Bu kadar uzun süre ara verme niyetinde değildim aslında ama olaylar biraz bu şekilde gelişti sanırım. O sebeple yeniden merhaba! Önceki yazıları okuduysanız eğer muhtemelen çok harika bir durumda olmadığım, dahası uzun bir süredir de iş aradığımın farkındasınızdır muhtemelen. İşsiz olma sürecim yaklaşık 2 ay önce son bulsa da modumun tamamen iyileşmesi için sanırım farklı birine dönüşmem gerekecek. Neyse, en azında gri bulutlarımın bir nebze de dağıldığını söyleyerek blog aurasını belki biraz değiştirebilirim diye düşünüyorum :D
Tüm bunların yanı sıra, nispeten yeni bir şehirde yaşamaya başlamak ve sanırım enerjimin büyük oranda iş ile alakalı konulara dağılması sebebiyle gri bulutların uzaklaştığını söylemek de yanlış olmaz sanırım (her ne kadar önceden yaşadığım yeri özlüyor olsam da). Bu süreçte ara ara kendimi çok yalnız hissettiğim ve tahammül sınırımın sonlarına eriştiğim zamanlar olsa da sanırım adapte olmaya başladım. Ben gerçekten arkadaşları için yaşayan biriyim galiba ve bu sebeple, yakın arkadaşlarımla görüşemediğimiz şu sıralar hayatımı nasıl idame ettirmem gerektiğini bir türlü anlayamıyorum. Onların hayatlarına da müdahil olamıyor olmak aynı derecede can sıkıcı tabii :D
Asla dikkatimi toparlayamadığım için farklı bir konuya geçiyorum, yeni yıl! 2024 çok korkunç bir seneydi bence. 2025 için biraz daha umutlu olmak istiyorum, depresif biri olmak da yoruyor çünkü insanı. Yaşadığım hayattan daha fazla keyif almak, ya da yaşadığım hayatı keyif alacağım bir hayata evirmek istiyorum. Bu yazı biraz olumlu oldu galiba, ama endişelenmeyin aynı kişi tarafından yazılıyor bu yazılar.

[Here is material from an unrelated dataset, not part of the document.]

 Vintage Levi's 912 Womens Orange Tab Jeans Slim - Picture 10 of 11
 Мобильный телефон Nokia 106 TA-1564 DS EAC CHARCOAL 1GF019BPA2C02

Bu yazıda herhangi bir film hakkında yazma düşüncem yoktu aslında ama yılın son günlerini bir nebze de olsa güzel bitirebilmek adına, hali hazırda çok ünlü olan bir film hakkında bir şeyler yazmak istiyorum. How to Lose a Guy in 10 Days (2003), bence izleyen herkesin zevk alabileceği bir film. Başrol ablamız, gazetecilik mezunu ve ekonomi, siyaset gibi konulara meraklı biri olmasına rağmen bir kadın dergisinde yazarlık yapıyor. Kendileri hem çok havalı hem de gerçekten komik biri (düşünce tarzımız yakın ve bu da bir artı puan oldu sanırım). Başrol abimizle yollarının kesişmesi ve ablamızın, abimize dünyayı dar etme yaklaşımı sayesinde hayli keyifle izlediğimi söyleyebilirim. Aynı zamanda akıllara şu soruyu da getirdiğini es geçemeyeceğim, gerçekten de sevip sevildiğin zaman saçların dalgalı-kıvırcık olmaya mı başlıyor? (genetik biliminin ve saç dokusunun bir önemi yok, lütfen ciddiye almayın!!) Neyse, bence gerçekten güzel bir rom-com (genel olarak 90'lar ve 2000'ler rom-com filmlerini severim zaten) ve vakit olması halinde izlenmesini tavsiye edeceğim bir film.
Enerjimi iş için harcadığımdan dolayı daha ciddi bir film izlemek de zor gelmeye başladı. Biraz da motivasyon eksikliğimin devamından kaynaklanıyor sanırım. Bir sonraki yazının gelmesi umarım bu kadar uzun sürmez. Okuyacak olanlara şimdiden çok güzel bir yıl diliyorum, lütfen cesaretinizi ve çabanızı kaybetmeyin! Yılın son günlerinde de sizi gerçekten çok mutlu edecek bir (en az) olay yaşamanızı diliyorum, iyi seneler!!!